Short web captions
####
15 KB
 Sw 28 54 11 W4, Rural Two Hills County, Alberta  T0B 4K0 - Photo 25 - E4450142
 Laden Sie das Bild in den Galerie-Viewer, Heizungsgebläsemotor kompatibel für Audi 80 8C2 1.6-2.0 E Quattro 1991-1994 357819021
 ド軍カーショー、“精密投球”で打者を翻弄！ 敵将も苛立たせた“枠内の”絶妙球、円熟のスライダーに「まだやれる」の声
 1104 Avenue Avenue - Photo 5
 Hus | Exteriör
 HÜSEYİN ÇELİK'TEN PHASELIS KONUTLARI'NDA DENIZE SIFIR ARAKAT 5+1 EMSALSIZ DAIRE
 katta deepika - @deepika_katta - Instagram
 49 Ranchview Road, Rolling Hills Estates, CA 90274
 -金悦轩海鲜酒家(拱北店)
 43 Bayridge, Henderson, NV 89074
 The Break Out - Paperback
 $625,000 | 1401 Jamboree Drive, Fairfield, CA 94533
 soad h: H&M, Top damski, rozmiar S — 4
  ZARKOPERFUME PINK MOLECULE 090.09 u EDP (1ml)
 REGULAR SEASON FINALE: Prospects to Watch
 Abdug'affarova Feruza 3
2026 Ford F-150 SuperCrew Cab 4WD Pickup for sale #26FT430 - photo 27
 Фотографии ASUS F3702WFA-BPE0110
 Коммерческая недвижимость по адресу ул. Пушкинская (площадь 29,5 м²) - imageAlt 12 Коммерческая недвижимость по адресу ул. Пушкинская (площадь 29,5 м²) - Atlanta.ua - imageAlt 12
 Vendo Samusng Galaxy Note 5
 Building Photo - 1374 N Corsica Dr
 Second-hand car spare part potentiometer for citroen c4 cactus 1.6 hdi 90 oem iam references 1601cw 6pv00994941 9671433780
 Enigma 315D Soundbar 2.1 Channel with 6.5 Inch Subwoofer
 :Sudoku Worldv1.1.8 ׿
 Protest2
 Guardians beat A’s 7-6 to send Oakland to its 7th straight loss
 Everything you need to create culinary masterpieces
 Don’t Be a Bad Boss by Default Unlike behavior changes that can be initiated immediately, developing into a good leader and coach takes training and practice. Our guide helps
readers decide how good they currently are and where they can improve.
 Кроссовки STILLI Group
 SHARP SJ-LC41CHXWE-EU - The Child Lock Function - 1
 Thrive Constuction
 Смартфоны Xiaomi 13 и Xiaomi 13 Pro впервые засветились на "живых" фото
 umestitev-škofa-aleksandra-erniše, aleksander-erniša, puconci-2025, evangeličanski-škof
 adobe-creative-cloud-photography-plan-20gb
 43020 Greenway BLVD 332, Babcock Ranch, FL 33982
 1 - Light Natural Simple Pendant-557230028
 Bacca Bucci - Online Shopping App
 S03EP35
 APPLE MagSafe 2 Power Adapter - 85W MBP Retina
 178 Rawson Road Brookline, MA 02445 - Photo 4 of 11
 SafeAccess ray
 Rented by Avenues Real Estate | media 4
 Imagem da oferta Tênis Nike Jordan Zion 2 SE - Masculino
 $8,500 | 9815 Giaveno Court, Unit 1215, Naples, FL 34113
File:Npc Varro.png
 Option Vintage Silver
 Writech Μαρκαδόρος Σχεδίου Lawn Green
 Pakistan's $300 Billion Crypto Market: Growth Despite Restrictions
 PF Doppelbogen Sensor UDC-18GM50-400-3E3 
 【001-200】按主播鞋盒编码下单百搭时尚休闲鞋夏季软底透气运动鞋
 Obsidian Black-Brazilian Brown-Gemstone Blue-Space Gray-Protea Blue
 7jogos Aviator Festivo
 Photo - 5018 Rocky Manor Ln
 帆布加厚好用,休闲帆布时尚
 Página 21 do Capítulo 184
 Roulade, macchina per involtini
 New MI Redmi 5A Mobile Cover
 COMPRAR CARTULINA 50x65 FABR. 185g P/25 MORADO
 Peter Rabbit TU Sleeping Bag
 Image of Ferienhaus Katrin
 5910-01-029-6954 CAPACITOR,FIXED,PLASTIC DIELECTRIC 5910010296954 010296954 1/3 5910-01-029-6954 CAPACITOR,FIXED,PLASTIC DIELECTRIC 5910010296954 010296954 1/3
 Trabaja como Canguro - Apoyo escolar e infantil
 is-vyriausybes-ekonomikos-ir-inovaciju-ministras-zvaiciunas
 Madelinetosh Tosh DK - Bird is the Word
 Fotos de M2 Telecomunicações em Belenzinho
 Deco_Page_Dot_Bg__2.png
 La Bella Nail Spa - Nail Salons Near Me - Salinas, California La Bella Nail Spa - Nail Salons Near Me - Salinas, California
####
• **WHAT THE EXERCISE ASKS**: The lines beginning with the one that holds "is-vyriausybes-ekonomikos-ir-inovaciju-ministras-zvaiciunas" and ending with the last line of the data above are to be reproduced exactly, and nothing else.

• **THE ANSWER**:
 is-vyriausybes-ekonomikos-ir-inovaciju-ministras-zvaiciunas
 Madelinetosh Tosh DK - Bird is the Word
 Fotos de M2 Telecomunicações em Belenzinho
 Deco_Page_Dot_Bg__2.png
 La Bella Nail Spa - Nail Salons Near Me - Salinas, California La Bella Nail Spa - Nail Salons Near Me - Salinas, California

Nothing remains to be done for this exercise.